§ Records for the task
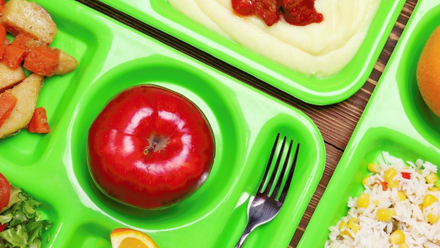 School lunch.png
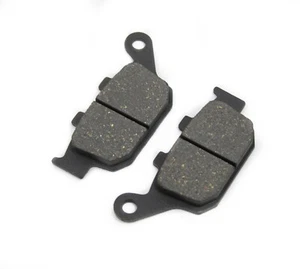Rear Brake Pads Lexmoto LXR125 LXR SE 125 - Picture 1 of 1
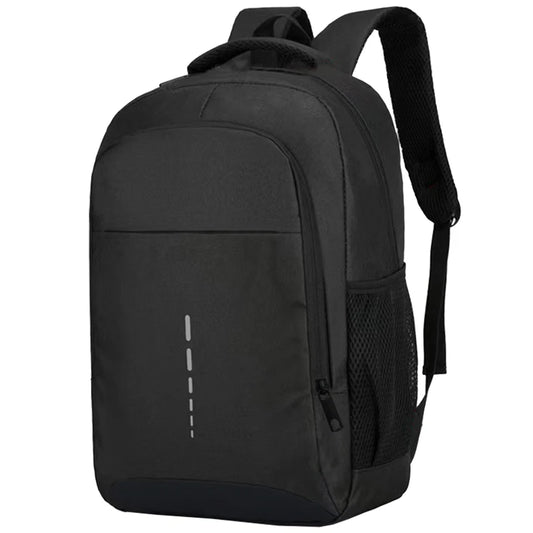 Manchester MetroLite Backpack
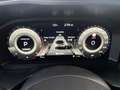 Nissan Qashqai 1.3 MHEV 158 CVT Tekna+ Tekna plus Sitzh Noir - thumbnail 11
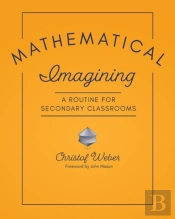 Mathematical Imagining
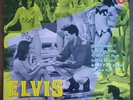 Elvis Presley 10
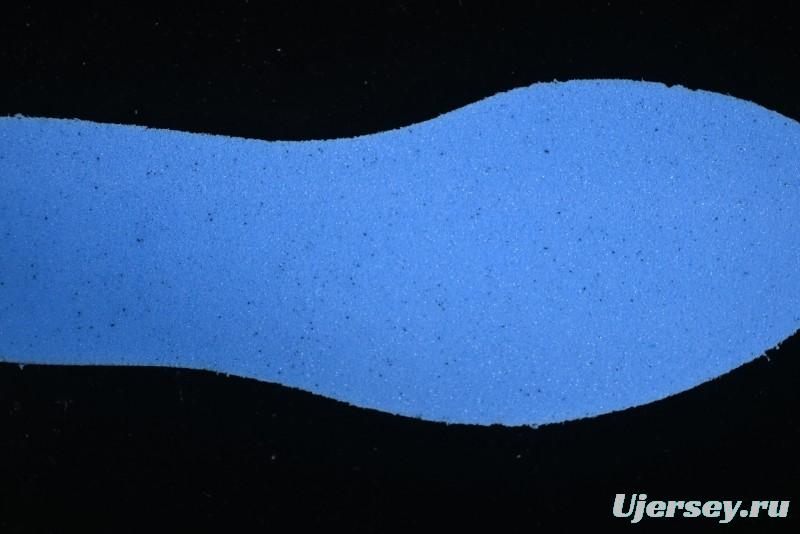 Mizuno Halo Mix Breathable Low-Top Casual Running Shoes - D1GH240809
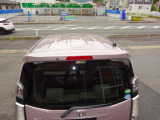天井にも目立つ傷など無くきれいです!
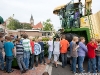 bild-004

§ Goal of the exercise
The records above, copied word for word without the pictures, are what should be output.

§ Solution below
 School lunch.png
Rear Brake Pads Lexmoto LXR125 LXR SE 125 - Picture 1 of 1
 Manchester MetroLite Backpack
 Nissan Qashqai 1.3 MHEV 158 CVT Tekna+ Tekna plus Sitzh Noir - thumbnail 11
 Mathematical Imagining
 Elvis Presley 10
 Mizuno Halo Mix Breathable Low-Top Casual Running Shoes - D1GH240809
天井にも目立つ傷など無くきれいです!
 bild-004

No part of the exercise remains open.